Tom Michael of KRTS interviews a vaquero from northern Mexico, in Brewster County, Texas, August 2005. (Caroline Oman)
For the past 29 years, cowboy poets have gathered in Alpine on the campus of Sul Ross State University. It’s called the Texas Cowboy Poetry Gathering and it kicks off today.
And here at Alpine, Texas, it’s a gathering-up of old friends and new friends, a Western hug and a Western howdy. There’s nothing razzle-dazzle about Alpine. None of it is for show. It’s more like a family gathering.

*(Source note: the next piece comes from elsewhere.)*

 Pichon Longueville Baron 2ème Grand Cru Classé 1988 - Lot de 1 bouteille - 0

And it’s not a festival – as organizers will tell you – it’s a gathering. One of them, Bill Brooks, says it’s really about the performers doing their thing. The audience just happens to be there.

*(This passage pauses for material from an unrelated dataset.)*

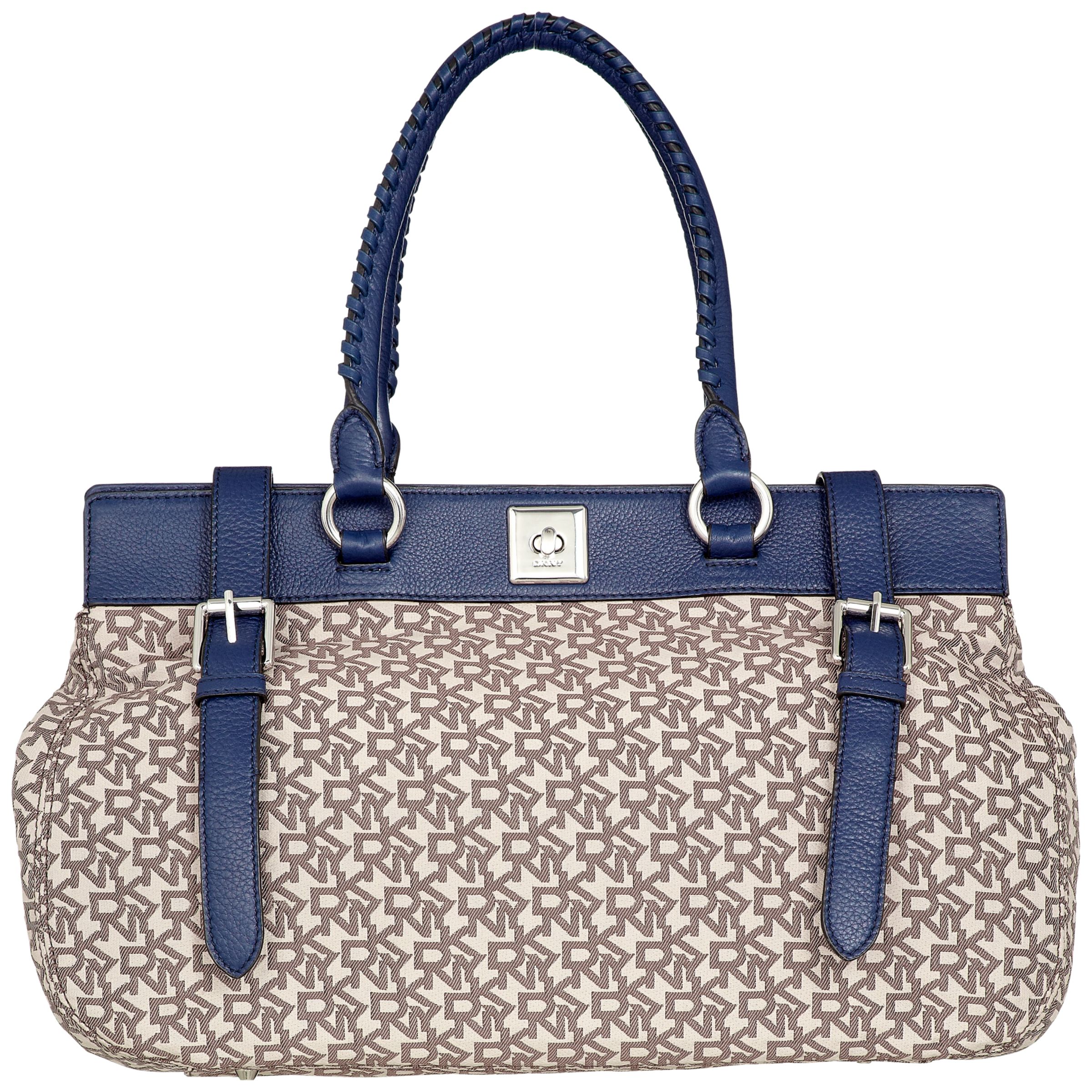 DKNY Crosby Large Shopper Handbag, Navy at John Lewis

Because we have been true to our mission since Day One. And that is to make it kind of a reunion; thus, the gathering name – for them – then invite the public to come hear them.

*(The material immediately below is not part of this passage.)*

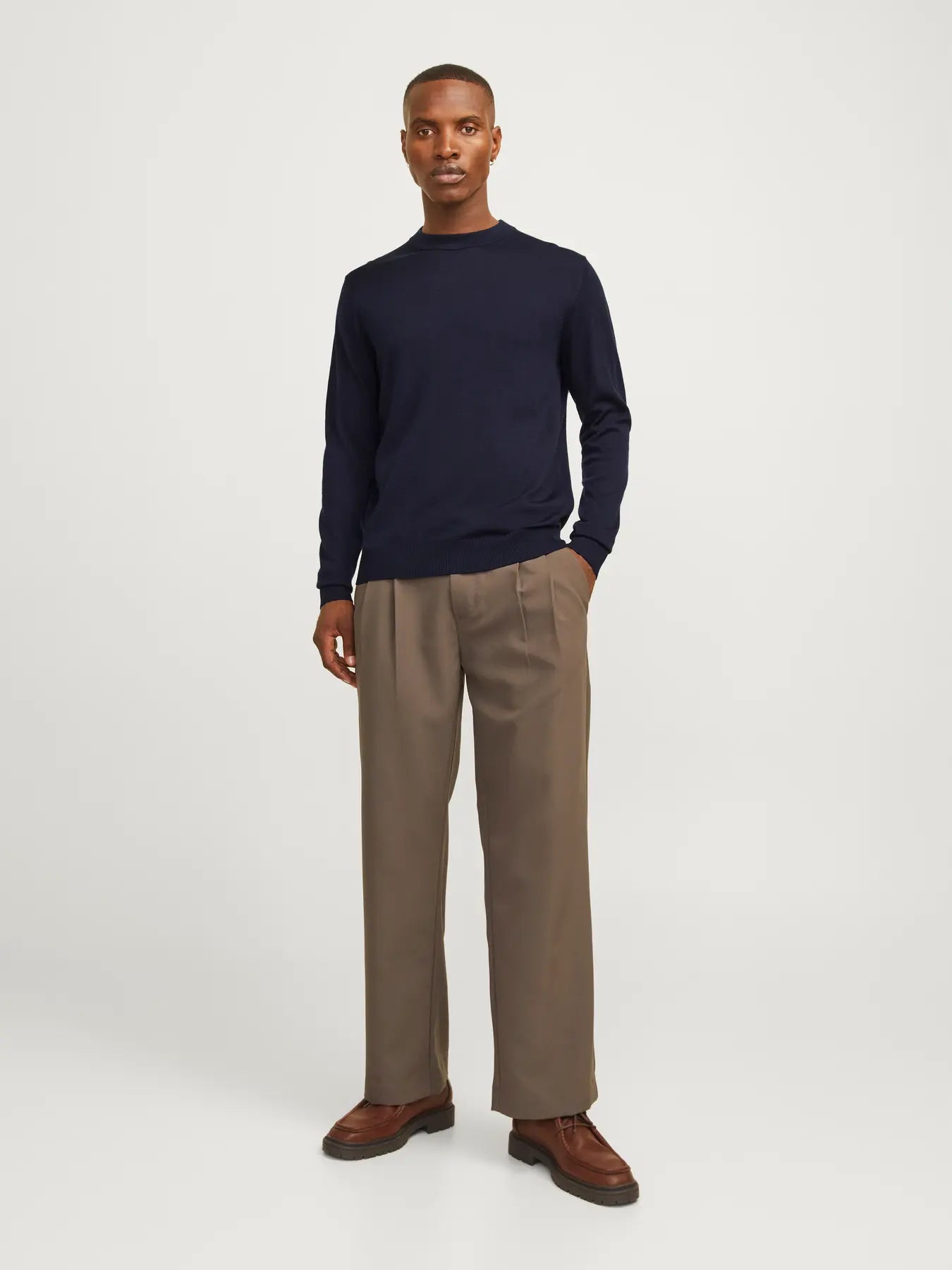 Tröja Milano stitch knit crew neck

Brooks is the M.C. for the kickoff event on Friday, which is held in the somewhat sterile environment of a school auditorium.
Ideally, we sit around the campfire and recite poetry and sing songs. We just happen to do it on a stage.
Performers are here from a dozen U.S. states and Canada. Audience members attend break-out sessions in classrooms to learn more about cowboy poetry and western music.
But outside of the classrooms, It’s what you picture. Cowboy hats and handlebar mustaches. And every morning begins with coffee, eggs and biscuits served from a chuckwagon. Women in bandanas carrying colorful guitars, like Eli Barsi, whose been performing here for the past 4 years.
It’s important to us to do our part our small part in preserving our Western heritage. So we’re doing it with our poetry or music: Western sensibilities and the rural sensibility and lifestyle at these cowboy gatherings.
Well, to start out it was a free event, and it was mostly ranch people that came. There were about a 1,000 people. It was a funny combination of folklorists, cowboys; and a bunch of press showed up. I sent a press release out and it just surprised the heck out of us.
Academics and cowboys may make strange bedfellows, but it worked.
It almost felt like uncorking a bottle of some ancient wine or something. Because people had not heard it before but back then it wasn’t a public thing. It was more in bunkhouses and around campfires. It was an insiders’ deal.
Three years ago, Hal Cannon was the keynote speaker in Alpine. And in some ways, the Texas Cowboy Poetry Gathering remains just that – an insiders’ deal.